‘Smart Beta’ 5: No Alpha Here

May 02, 2014

There’s enough data there to fill the River Styx. Like Charon, ancient Greece’s mythical ferryman to the underworld, I’ll guide you through it.

The first critical test is goodness of fit, which will indicate if it is fair to compare the fund to our MSCI benchmark. Goodness of fit measures co-movement: the frequency with which the benchmark and the fund both gain (or lose) value on the same day. A reading of 1.00, or 100 percent, is as good as it gets.

We can see that these funds fit our benchmark well, with all but three of our 28 tests synching with the MSCI USA Large Cap index on at least 90 percent of trading days, and with three-fourths of our test funds hitting 95 percent co-movement. The MSCI USA Large Cap Index is a fair and well-fitting benchmark for these 11 funds.

Now we can look at our first measure of risk: beta. When a fund has the same risk level as a benchmark, its beta equals 1.00. Higher betas mean more volatility relative to the benchmark. More volatility means more risk.

Look again at the tables above. The funds are sorted by returns, but they might as well be sorted by betas, because the results would be mostly the same, except in the three-year table. More risk equals greater returns in a rising market. No magic here.

When goodness of fit is high, you can multiply the benchmark’s returns by the fund’s beta to find the fund’s predicted return. The difference between the predicted return and the actual return is called alpha. But do be careful about alphas, because, like any statistic, they have a margin of error.

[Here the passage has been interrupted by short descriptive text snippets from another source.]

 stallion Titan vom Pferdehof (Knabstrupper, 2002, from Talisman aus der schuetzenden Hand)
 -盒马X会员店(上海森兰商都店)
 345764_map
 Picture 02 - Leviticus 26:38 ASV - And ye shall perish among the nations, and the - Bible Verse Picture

Most of the time, alphas don’t mean anything, because their error bands are wide enough that an alpha of zero, or even of the opposite sign, is within the margin of error. If you don’t think margins of error matter, you must have forgotten the 2012 presidential election.

Statisticians look at the margin of error to determine the likelihood of a result being non-random. The term of art is “significance.” An alpha’s significance is the probability that its error bars don’t include zero.

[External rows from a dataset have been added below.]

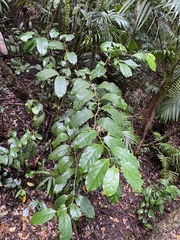 Pennantia cunninghamii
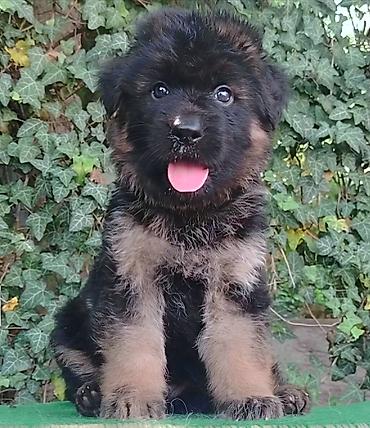 doberman cena: Nemački ovčari,odg. Ultra Star iz Beograda,vrhunska štenad izuzetne — 1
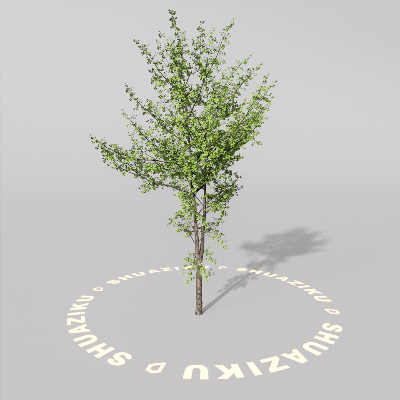 图片[4]-D5室外绿植树木模型20个-刷子库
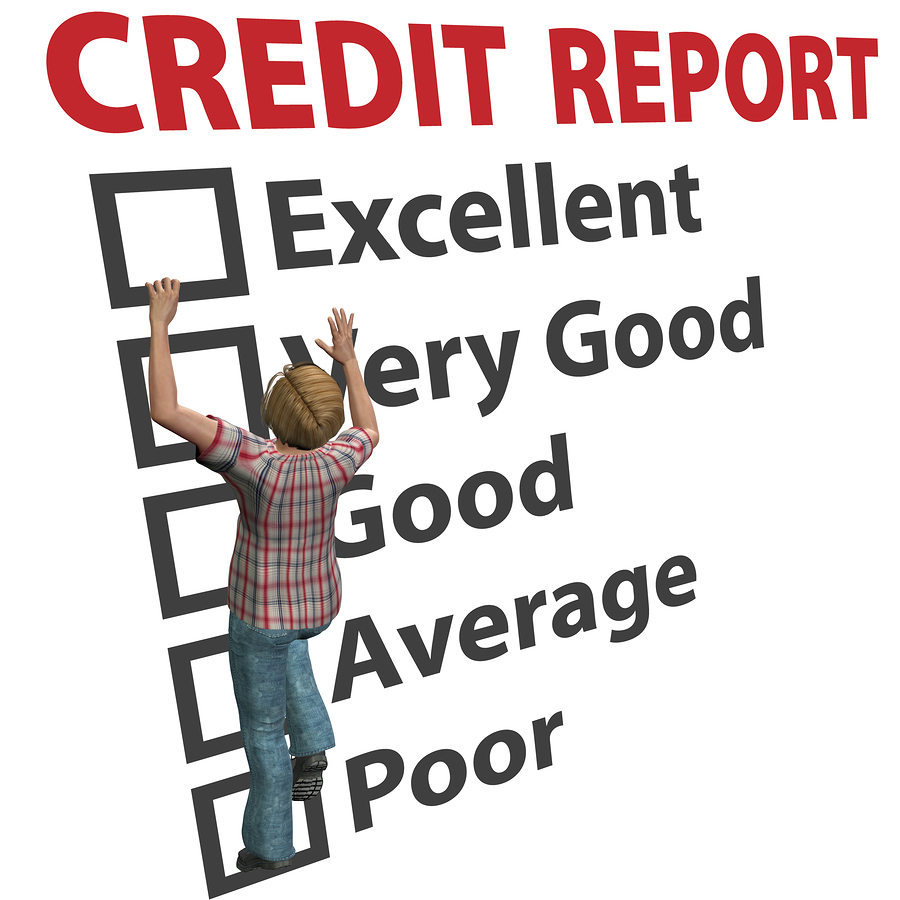 How to, Credit Report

When statisticians argue over which level of significance to use, they’re debating how wide to draw the error bars. Most require the error bars to be about two standard errors (standard deviation divided by the square root of sample size) wide, or a 95 percent probability that zero is not within the error bars. Generous statisticians allow for 90 percent significance to confirm excess returns. That’s 1.66 standard errors.

Anything inside the error bars is noise, and not statistically different from zero.